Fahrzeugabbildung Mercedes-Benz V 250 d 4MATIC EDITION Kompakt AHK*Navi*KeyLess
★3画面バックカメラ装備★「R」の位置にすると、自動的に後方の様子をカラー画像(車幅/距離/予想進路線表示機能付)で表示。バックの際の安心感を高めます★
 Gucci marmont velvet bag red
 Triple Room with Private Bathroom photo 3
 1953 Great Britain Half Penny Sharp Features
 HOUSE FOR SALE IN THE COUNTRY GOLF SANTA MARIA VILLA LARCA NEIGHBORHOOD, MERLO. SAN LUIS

☆ ☆ ☆

= AIM OF THE TASK =
With nothing added or left out, print the data again.

= TASK OUTPUT =
Fahrzeugabbildung Mercedes-Benz V 250 d 4MATIC EDITION Kompakt AHK*Navi*KeyLess
★3画面バックカメラ装備★「R」の位置にすると、自動的に後方の様子をカラー画像(車幅/距離/予想進路線表示機能付)で表示。バックの際の安心感を高めます★
 Gucci marmont velvet bag red
 Triple Room with Private Bathroom photo 3
 1953 Great Britain Half Penny Sharp Features
 HOUSE FOR SALE IN THE COUNTRY GOLF SANTA MARIA VILLA LARCA NEIGHBORHOOD, MERLO. SAN LUIS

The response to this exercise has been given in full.